* _Data excerpt_:
┌──
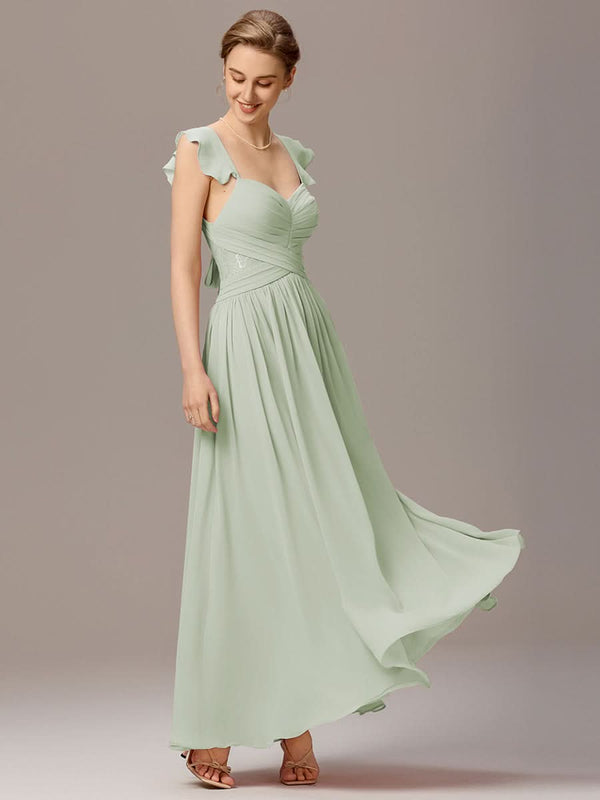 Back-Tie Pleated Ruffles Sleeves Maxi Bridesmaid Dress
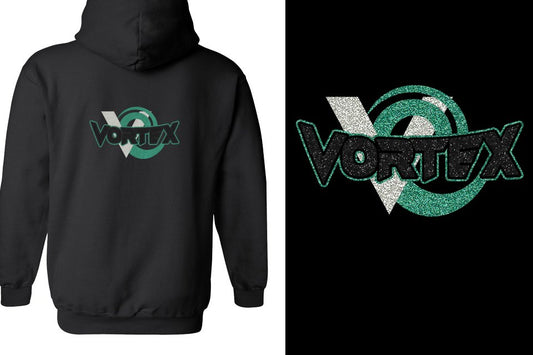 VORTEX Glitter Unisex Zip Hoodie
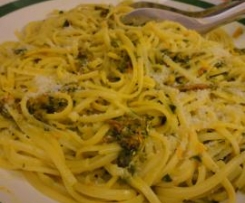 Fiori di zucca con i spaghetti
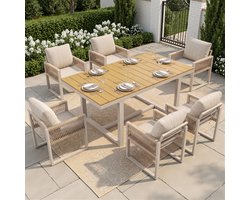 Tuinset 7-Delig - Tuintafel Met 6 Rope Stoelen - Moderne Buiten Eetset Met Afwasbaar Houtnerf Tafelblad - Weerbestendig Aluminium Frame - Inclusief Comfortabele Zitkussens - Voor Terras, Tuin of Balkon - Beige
└──
* _Task description_: Write out exactly the lines from the line containing "Fiori di zucca con i spaghetti" through the last line of the listing above, please, and leave out any pictures.

* _Result_:
 Fiori di zucca con i spaghetti
 Tuinset 7-Delig - Tuintafel Met 6 Rope Stoelen - Moderne Buiten Eetset Met Afwasbaar Houtnerf Tafelblad - Weerbestendig Aluminium Frame - Inclusief Comfortabele Zitkussens - Voor Terras, Tuin of Balkon - Beige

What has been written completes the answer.